The following personal account, included with the manifesto, is from
signatory Shlomo Wagman, 28-year-old economic consultant:
"Most of my life was spent at Alon Shvut, a settlement in the Etzion
Bloc south of Jerusalem. Thousands of times I have passed army
checkpoints. Thousands of times I saw, without really noticing, the
young Arabs crouching at the roadside, waiting for the checking to
end so that they could pass through. They were a kind of transparent
part of the landscape. I saw them but did not feel any deep empathy...
And then, one day, I saw at a checkpoint an old man with a young girl
child.

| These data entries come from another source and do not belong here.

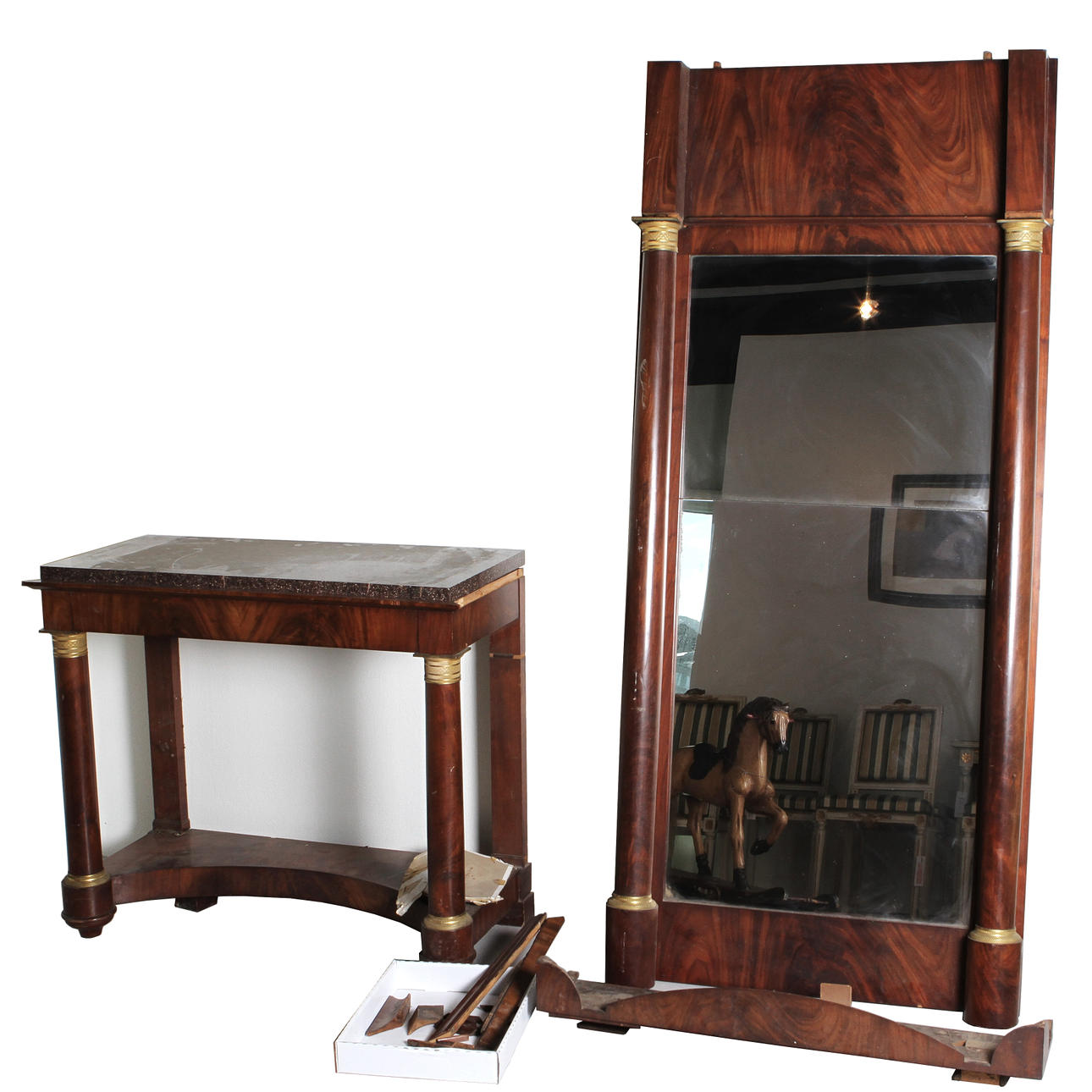 SPEGEL med KONSOLBORD, Stockholmsarbete i empire.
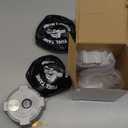 Locking Fuel Cap (2PCS), Compatible with 1996-2018 Freightliner Cascadia Columbia Century Coronado 1/4 Turn Lock Gas Cap, 3In Aluminum Diesel Fuel Tank Cap, W/Keys | 03-37017-002 0337017002 600149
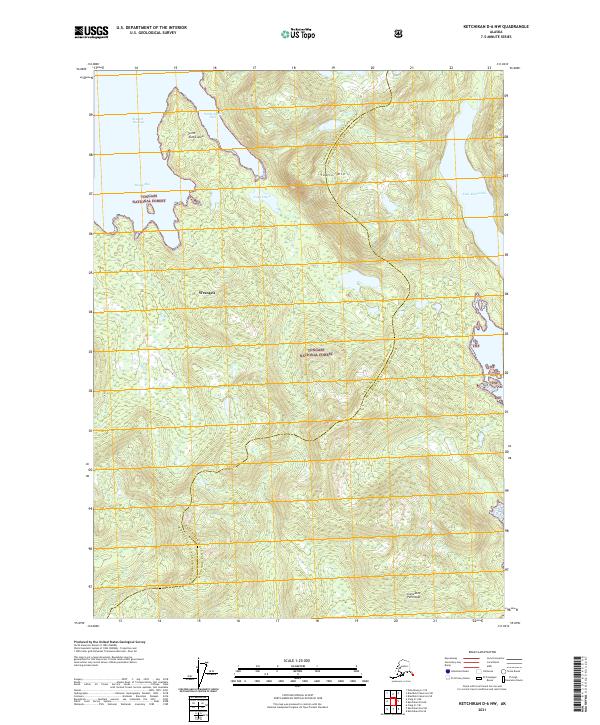 USGS Topographic Map – Ketchikan D-6 NW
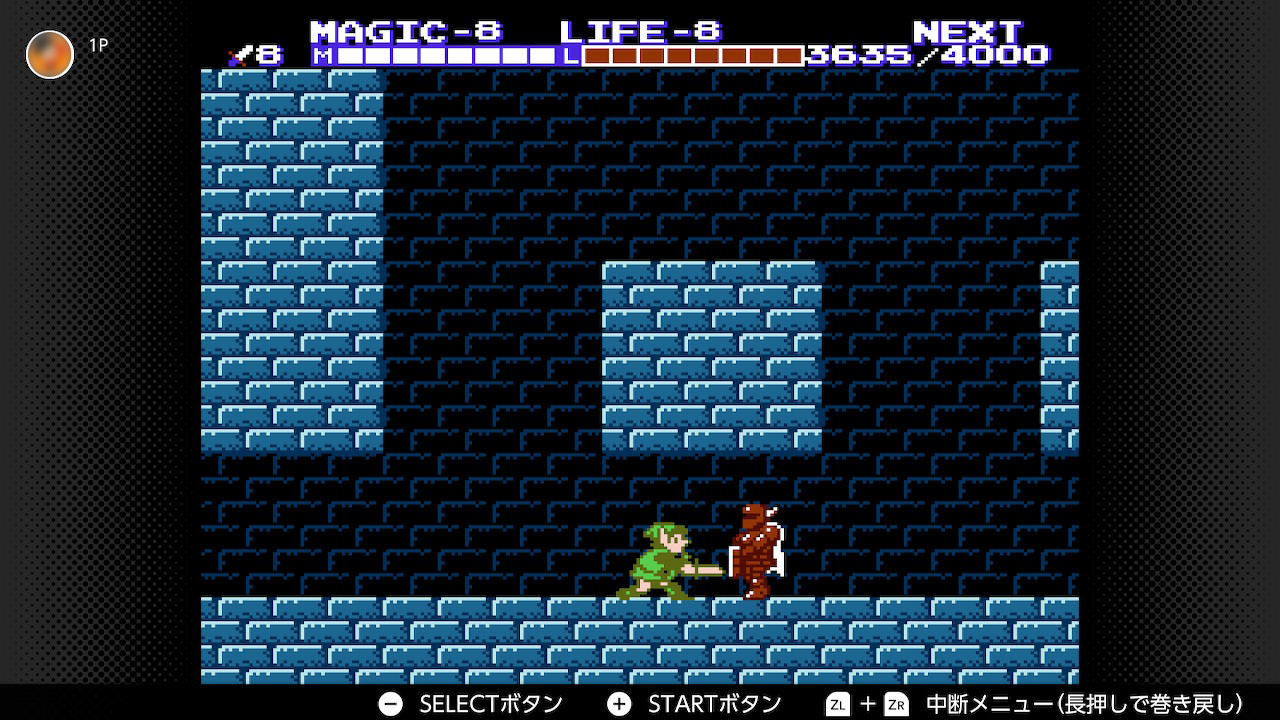 配信中の過去タイトルの中で、筆者が好きなのは「リンクの冒険」。上下段の攻撃を使い分ける戦術は、「ティアキン」の剣と盾の攻防にも通ずるものがある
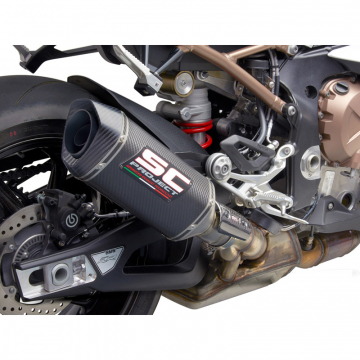 view SC-Project B33-124C SC1-S Slip-on Exhaust, Carbon for BMW S1000RR / M '20-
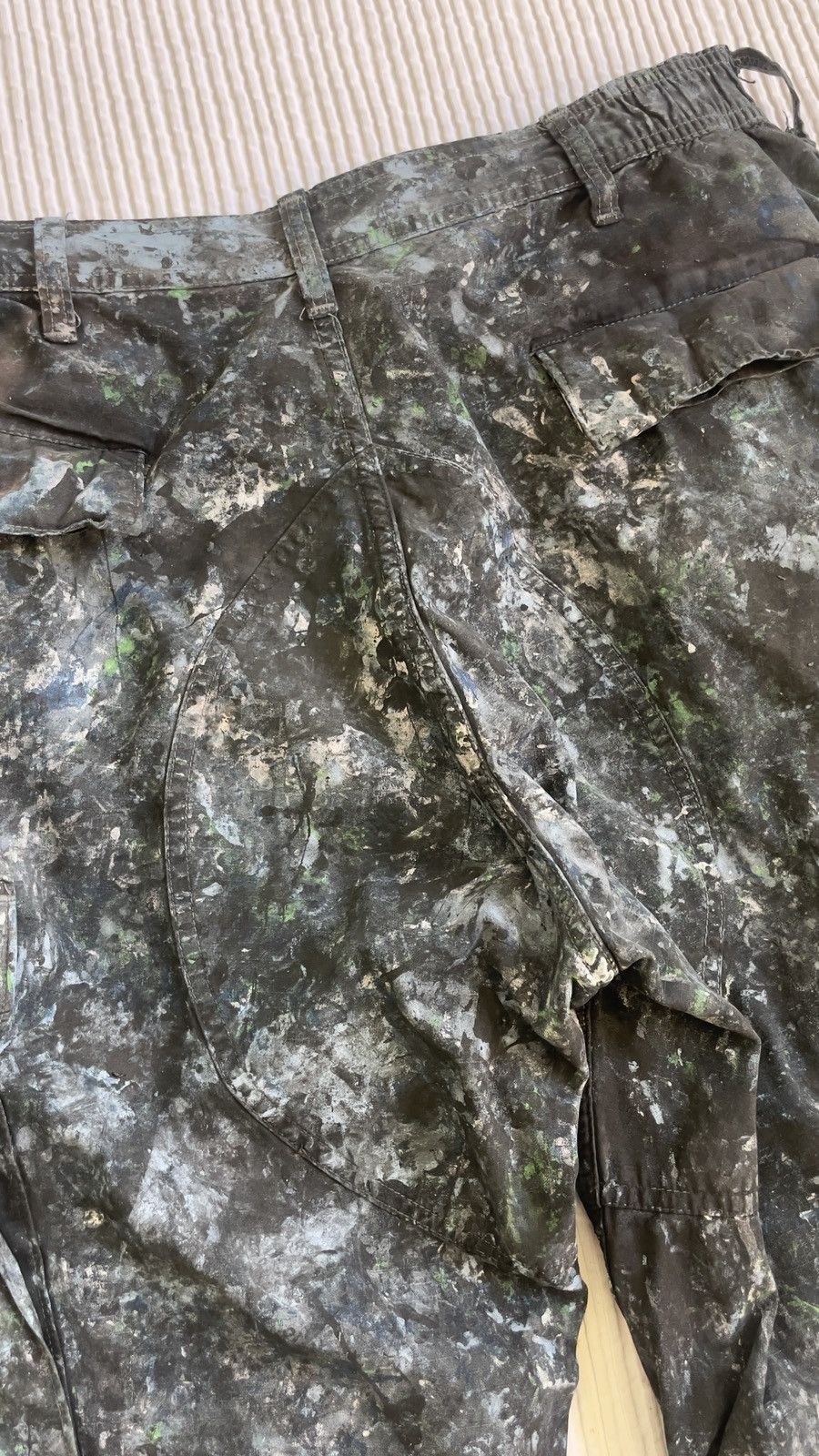 Handmade Monet Camo Pant Size US 34 / EU 50 - 24 Thumbnail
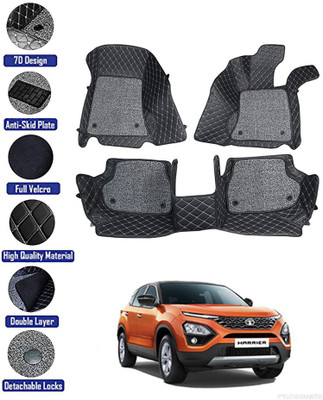 RKPSP Leatherite 7D Mat For  Tata Harrier(Black)
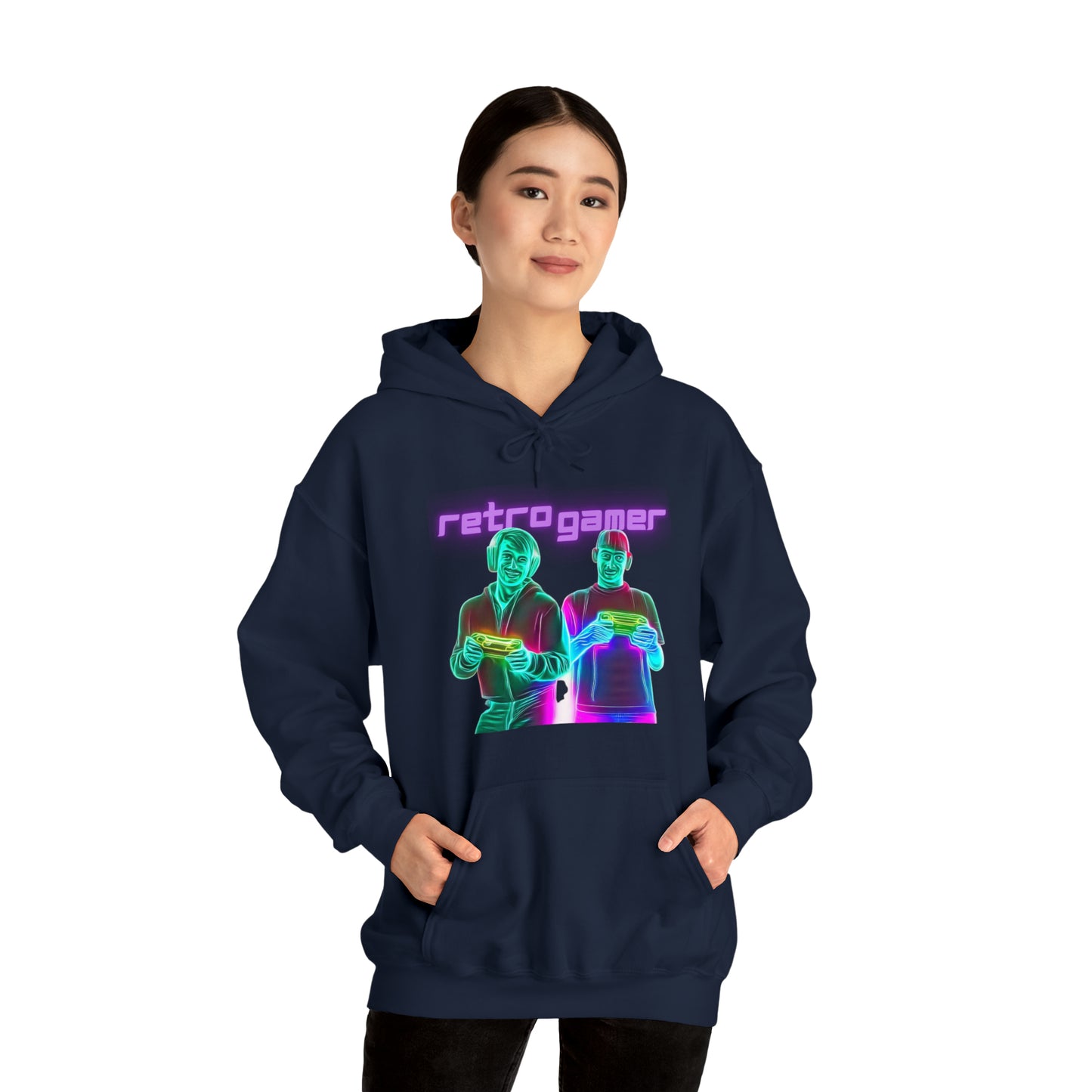 Vintage Gaming Vibes: Retro Gamer Unisex Hoodie | Pixel Nostalgia Hoodies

They were not being specially mistreated. They were just told to
wait and obeyed with weary resignation... And suddenly something
clicked into place in my mind. I suddenly understood that this was not
an issue of security. That all this enormous military activity was
needed so that I could live in a beautiful villa, with a terrific view
from the windows... That hundreds of thousands of human beings--old
people, women, children, people who are no kind of security risk--had
to pay the price for our life there. That they had to endure
checkpoints, searches, closure and curfew so that I could have a quiet
life as an observant Jew in my beautiful settlement. I decided to stage
my own unilateral withdrawal. I left Alon Shvut very soon afterwards,
though I knew I would miss a place which I love. I now live in an ugly
urban center inside the Green Line. I can't explain my own past
blindness and the present blindness of my family and friends who still
live there. We just don't see the same reality."
Ilon Langbeim, teacer and physics student in Jerusalem:
"When I saw the violence of these settler youths, I felt that I must
cry out: I am not one of them. It hurt me when people see me wearing a
skullcap and automatically assume I belong to the extreme right. I did
not refuse to serve in the territories. I went to the checkpoint and
tried to show empathy to the people which I had to check, not to keep
them too long in the sun. Then I heard an officer talk about me: 'This
useless softie with his scruples, I did not expect such behavior from
somebody like him.' I teach in in two Religious Zionist schools in
Jerusalem. I got hints already that my signing this manifesto may cost
me my job, but I am willing to pay the price."